I find the secrecy around the domestic surveillence OPR Report all the more interesting given that DOJ still hasn’t decided what to do about the 2006 White Paper used to justify warrantless wiretapping after Jim Comey and Jack Goldsmith realized the inherent powers argument failed. Mind you, David Barron’s OLC passed what appears–from Glenn Fine’s description–just as troubling as those two earlier memos back on January 8, 2010. So maybe it doesn’t matter. Maybe we’re doomed to have OLC recklessly authorize illegal wiretapping of Americans in the dark of night, no matter who’s in charge there.

Nevertheless, it does seem worthwhile to remember that John Yoo was investigated not just for his egregious torture memos, but also for saying the President didn’t have to follow the law–even the laws saying that Presidents can’t wiretap Americans.

Daniel Levin Tells Jim Haynes, Again, Not to Torture

We’ve long known that in February 2005, then-acting head of OLC Daniel Levin contacted DOD General Counsel to remind him that the March 14, 2003 Yoo memo on torture had been withdrawn. But I, for one, had never seen a copy of that letter. It turns out the government included it with their Appeals brief in the David Passaro case (see pages 99-100).

The memo is important for several reasons.
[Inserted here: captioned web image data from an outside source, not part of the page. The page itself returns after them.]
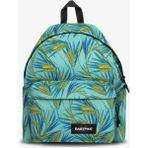 Eastpak Padded Pakr Brize Palm Aqua Unisex Mavi Sırt Çantası.- - OS - --Mavi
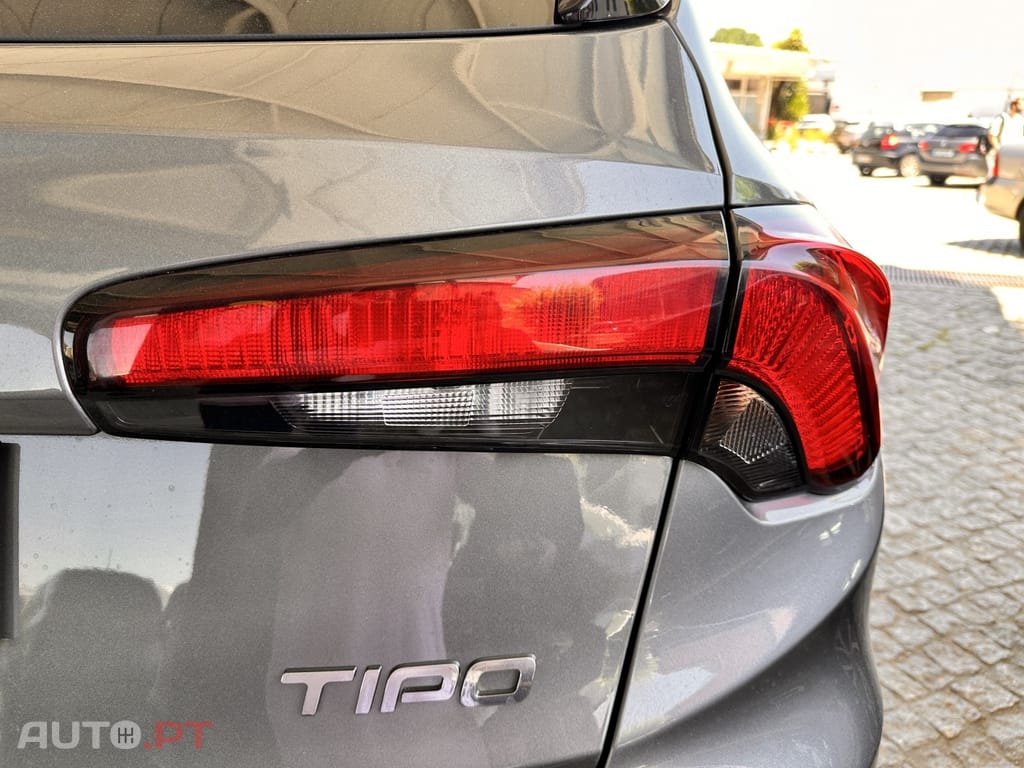Fiat Tipo 1.3 M-Jet Lounge J17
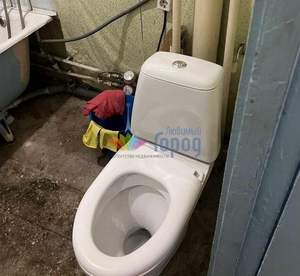 1-к квартира, вторичка, 30м2, 4/5 этаж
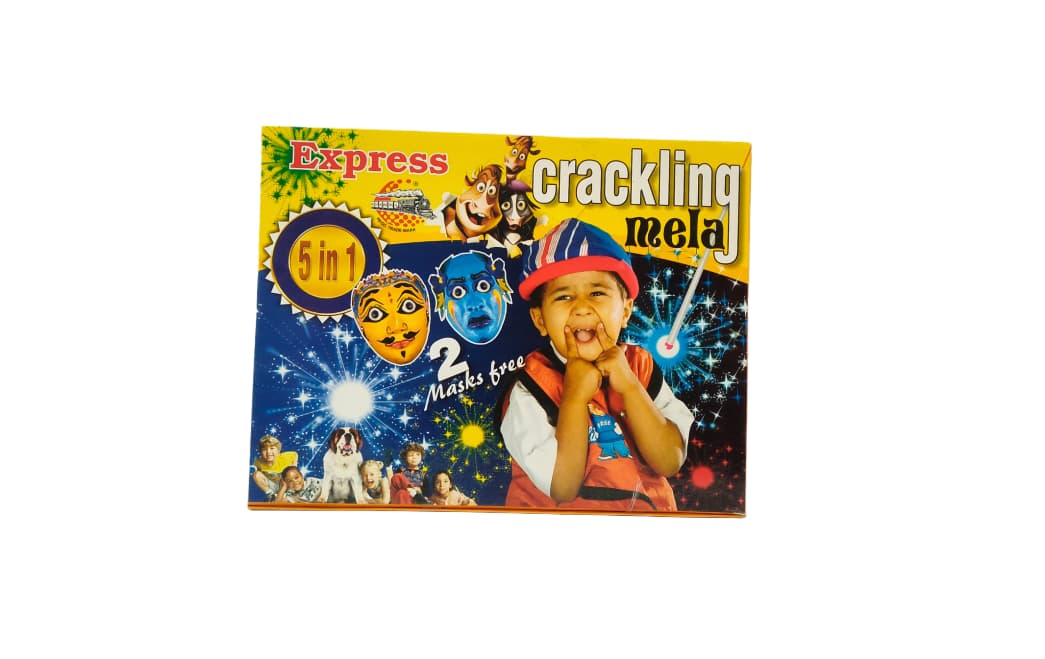 Crackling Mela Matches (10Boxes)
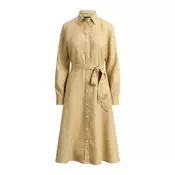 Lauren Ralph Lauren Dolga srajca pesek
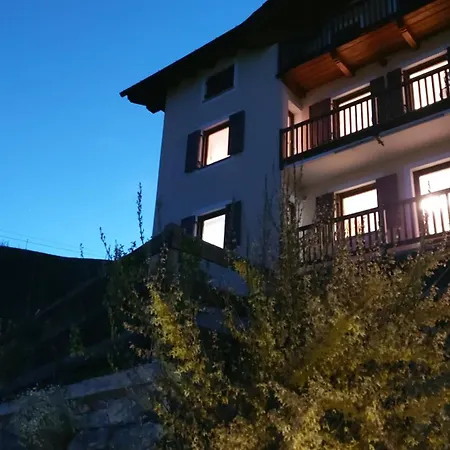 Apartment Cav Mes Vallees Vda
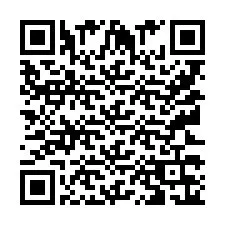 Kod QR dla numeru telefonu +9512336150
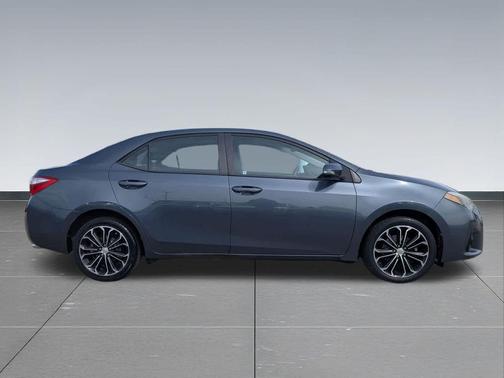 2016 Toyota Corolla S Premium
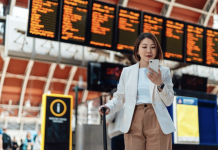 Opinion: SITA chief on the future of travel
First, note the date: February 4, 2005. The memo was written on Levin’s last day as acting OLC head, the day Alberto Gonzales was confirmed Attorney General. Particularly given questions about what authority DOD had for detainee interrogations after Jack Goldsmith purportedly withdrew the memo, the fact that Levin saw the need to formally remind Haynes the memo had been withdrawn on his last day is telling. Remember, too that Levin had real concerns about whether Steven Bradbury–who would take over as acting head of OLC the following day and would go on to write a crazy opinion authorizing DOD’s Appendix M the following year–should be appointed OLC head.
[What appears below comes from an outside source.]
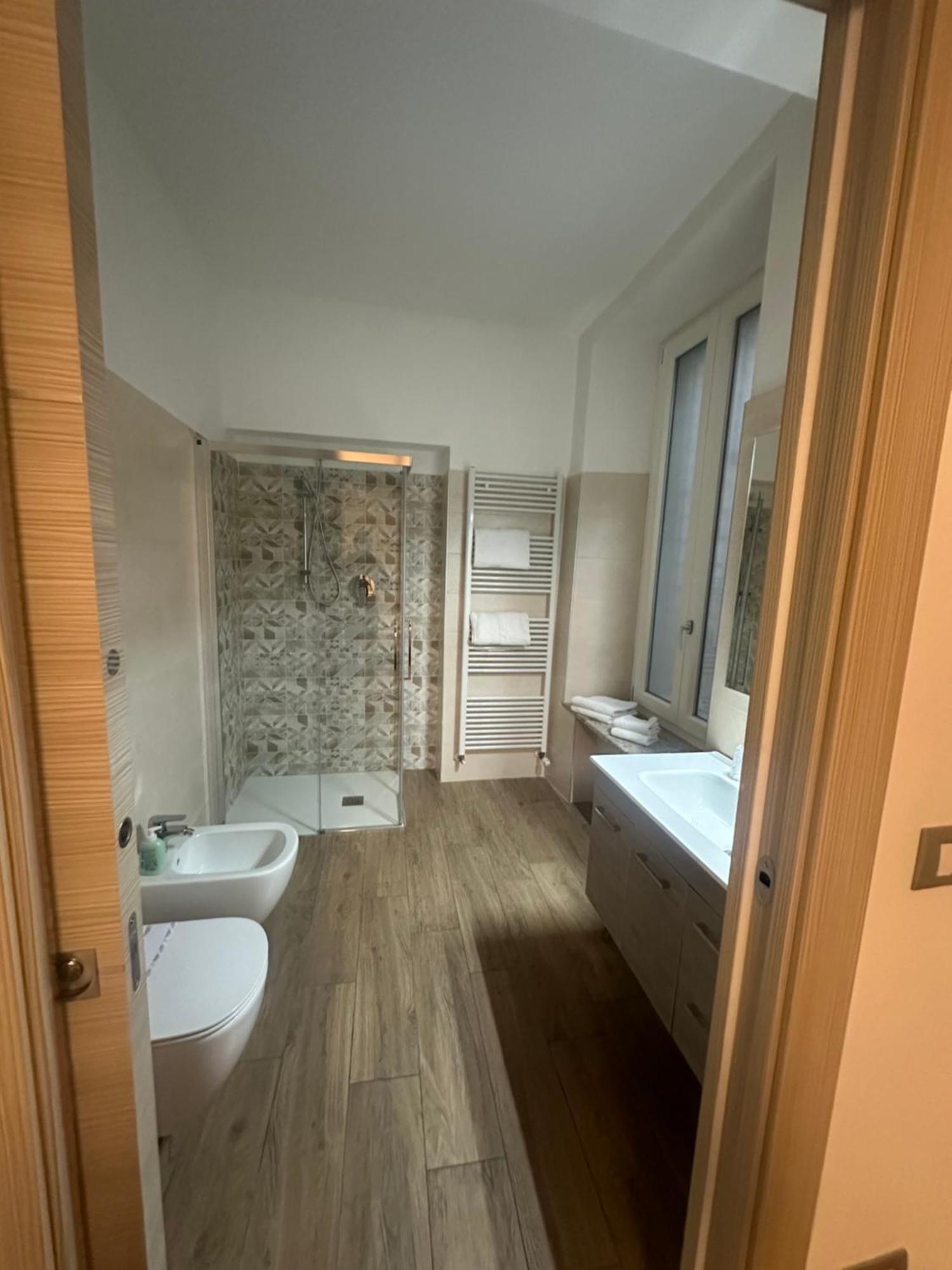 Residenza Pezzani Hotel Parma Exterior photo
Only, it’s not entirely clear Goldsmith ever did withdraw the memo.

Here is the text of the memo:

In December 2003, then-Assistant Attorney General Jack Goldsmith advised you that the March 2003 Memorandum was under review by his Office and should not be relied upon for any purpose. Assistant Attorney General Goldsmith specifically advised, however, that the 24 interrogation techniques approved by the Secretary of Defense for use with al Qaeda and Taliban detainees at Guantanamo Bay Naval Base were authorized for continued use as noted below. I understand that, since that time, the Department of Defense has not relied on the March 2003 Memorandum for any purpose. I also understand that, to the extent that the March 2003 Memorandum was relied on from March 2003 to December 2003, policies based on the substance of that Memorandum have been reviewed and, as appropriate, modified to exclude such reliance. This letter will confirm that this Office has formally withdrawn the March 2003 Memorandum.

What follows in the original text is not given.